Ainda que localizada no território do quilombo, a EMF pode receber alunos de toda a região, mas somente 29 estão matriculados. A maior parte dos estudantes são moradores do próprio quilombo. Assim como a diretora, Cláudia Lopes de Mattos, 46 anos, que revela outro desafio enfrentado:
— O nosso grande problema é o baixo número de alunos, pois muitos pais da região não querem que os filhos estudem no quilombo, mesmo sendo perto. Não falam com todas as letras, mas sabemos que é isso.
— E quando a gente faz uma festa da comunidade, vem gente de tudo que é lugar. Mas, na hora de mandar os filhos para estudar aqui, ninguém quer — completa Alceu, que é marido de Cláudia. — Isso me deixa doente.

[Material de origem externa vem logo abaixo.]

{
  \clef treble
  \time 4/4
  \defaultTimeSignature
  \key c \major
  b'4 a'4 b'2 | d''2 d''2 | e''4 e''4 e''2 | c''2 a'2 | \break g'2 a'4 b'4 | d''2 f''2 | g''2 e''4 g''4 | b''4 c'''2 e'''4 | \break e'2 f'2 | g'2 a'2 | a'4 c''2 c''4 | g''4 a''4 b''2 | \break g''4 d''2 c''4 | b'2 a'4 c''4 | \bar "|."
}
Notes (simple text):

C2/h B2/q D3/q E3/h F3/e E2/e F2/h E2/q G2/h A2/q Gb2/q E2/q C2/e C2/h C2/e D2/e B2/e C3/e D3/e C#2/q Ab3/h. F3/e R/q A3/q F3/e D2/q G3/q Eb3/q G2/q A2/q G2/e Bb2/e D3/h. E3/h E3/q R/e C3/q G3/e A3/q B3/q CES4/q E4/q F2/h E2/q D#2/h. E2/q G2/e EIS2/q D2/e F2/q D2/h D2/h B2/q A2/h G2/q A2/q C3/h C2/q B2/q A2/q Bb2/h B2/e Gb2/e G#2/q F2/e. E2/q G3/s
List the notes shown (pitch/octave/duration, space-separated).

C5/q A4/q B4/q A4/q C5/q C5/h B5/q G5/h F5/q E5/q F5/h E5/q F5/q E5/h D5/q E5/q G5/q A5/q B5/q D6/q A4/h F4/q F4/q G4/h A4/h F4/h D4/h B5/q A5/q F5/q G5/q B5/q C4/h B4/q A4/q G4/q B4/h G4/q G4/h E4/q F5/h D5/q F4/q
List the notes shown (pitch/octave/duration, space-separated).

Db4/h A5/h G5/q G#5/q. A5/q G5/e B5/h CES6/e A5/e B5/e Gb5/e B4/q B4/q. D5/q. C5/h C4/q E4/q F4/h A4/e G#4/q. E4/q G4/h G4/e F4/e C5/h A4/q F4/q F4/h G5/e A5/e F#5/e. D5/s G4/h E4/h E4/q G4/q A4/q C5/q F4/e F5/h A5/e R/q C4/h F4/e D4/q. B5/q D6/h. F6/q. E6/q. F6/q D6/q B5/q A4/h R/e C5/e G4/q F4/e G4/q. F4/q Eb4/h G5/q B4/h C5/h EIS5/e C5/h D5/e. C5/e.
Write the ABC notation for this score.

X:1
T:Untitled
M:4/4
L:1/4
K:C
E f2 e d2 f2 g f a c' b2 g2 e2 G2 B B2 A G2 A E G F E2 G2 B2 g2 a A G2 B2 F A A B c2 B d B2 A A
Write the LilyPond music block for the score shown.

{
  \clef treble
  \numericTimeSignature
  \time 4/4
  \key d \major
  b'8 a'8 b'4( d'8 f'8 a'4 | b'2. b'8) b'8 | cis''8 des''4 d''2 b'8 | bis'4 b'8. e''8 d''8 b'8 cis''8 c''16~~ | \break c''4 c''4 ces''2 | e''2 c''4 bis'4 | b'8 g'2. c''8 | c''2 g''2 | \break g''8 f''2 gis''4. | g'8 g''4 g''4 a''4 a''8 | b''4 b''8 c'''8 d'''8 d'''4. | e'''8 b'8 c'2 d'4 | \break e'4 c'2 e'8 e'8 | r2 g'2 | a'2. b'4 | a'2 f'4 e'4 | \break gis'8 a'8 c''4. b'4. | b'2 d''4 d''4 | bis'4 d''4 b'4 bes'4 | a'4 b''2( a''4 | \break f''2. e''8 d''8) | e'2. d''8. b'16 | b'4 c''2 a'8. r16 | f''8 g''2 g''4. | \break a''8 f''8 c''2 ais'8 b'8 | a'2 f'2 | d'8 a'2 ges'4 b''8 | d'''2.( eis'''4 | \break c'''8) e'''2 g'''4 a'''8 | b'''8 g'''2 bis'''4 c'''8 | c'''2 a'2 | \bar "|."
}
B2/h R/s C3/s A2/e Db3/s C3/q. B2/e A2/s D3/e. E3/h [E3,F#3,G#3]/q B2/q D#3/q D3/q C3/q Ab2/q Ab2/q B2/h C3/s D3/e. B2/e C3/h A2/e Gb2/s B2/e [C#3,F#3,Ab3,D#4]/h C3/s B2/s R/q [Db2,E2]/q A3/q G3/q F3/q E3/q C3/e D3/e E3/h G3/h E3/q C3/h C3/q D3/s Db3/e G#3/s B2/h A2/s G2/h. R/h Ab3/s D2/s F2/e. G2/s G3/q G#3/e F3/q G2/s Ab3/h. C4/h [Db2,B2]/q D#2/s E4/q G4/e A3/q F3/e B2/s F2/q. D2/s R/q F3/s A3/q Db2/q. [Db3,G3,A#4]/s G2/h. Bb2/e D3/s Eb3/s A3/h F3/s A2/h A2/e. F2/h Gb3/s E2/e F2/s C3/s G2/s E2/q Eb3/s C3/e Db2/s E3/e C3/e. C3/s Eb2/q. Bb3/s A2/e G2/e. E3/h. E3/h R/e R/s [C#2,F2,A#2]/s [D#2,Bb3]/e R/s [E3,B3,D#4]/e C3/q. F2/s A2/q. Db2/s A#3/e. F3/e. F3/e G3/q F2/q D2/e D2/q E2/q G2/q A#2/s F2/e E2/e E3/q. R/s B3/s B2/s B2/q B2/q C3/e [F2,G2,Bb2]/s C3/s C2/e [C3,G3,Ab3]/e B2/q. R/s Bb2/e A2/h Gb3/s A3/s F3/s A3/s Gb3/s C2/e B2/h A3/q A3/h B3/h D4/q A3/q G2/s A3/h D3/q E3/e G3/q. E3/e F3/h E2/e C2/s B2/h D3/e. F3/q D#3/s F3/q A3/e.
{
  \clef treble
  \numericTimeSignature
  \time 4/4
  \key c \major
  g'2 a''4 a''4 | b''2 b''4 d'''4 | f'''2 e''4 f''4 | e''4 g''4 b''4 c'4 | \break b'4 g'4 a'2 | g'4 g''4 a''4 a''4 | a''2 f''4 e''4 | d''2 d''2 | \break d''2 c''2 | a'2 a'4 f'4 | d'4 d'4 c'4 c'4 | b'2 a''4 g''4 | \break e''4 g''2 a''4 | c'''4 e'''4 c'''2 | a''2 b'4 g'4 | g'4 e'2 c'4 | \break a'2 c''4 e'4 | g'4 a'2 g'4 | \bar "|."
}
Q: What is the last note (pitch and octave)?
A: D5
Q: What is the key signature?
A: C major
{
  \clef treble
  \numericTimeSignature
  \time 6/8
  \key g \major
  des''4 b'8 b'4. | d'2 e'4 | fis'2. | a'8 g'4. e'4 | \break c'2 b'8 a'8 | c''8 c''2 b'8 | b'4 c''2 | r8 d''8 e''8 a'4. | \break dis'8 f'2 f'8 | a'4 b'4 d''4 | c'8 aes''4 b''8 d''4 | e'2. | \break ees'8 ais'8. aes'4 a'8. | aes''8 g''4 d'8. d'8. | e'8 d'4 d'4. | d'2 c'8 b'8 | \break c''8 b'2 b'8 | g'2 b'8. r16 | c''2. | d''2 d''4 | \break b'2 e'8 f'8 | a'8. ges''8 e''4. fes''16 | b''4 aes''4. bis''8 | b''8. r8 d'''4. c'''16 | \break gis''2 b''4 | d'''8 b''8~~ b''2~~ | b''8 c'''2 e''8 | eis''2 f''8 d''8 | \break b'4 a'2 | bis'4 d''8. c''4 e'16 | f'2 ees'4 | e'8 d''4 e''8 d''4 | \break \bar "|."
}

Eu não aceito mais que o quilombo seja só lugar de festa — diz.
Militante da causa quilombola, o agricultor reflete que muitas foram as batalhas travadas e vencidas pela comunidade ao longo dos anos — da titulação da terra à reserva de vagas nas universidades próximas. Contudo, diz que o preconceito ainda é uma realidade com a qual os quilombos da região precisam conviver:
— Antes, quando a gente chegava, o comentário era: "Lá vem os nego de Casca". Hoje, não tem mais essa discriminação sem-vergonha, mas a gente ainda escuta coisas do tipo: "Ah, vocês agora estão com tudo. Não se pode falar mais nada para vocês que já vira racismo". Parece que querem que a gente aceite tudo quieto, baixe a cabeça, mas não vamos. O nosso povo nunca foi disso.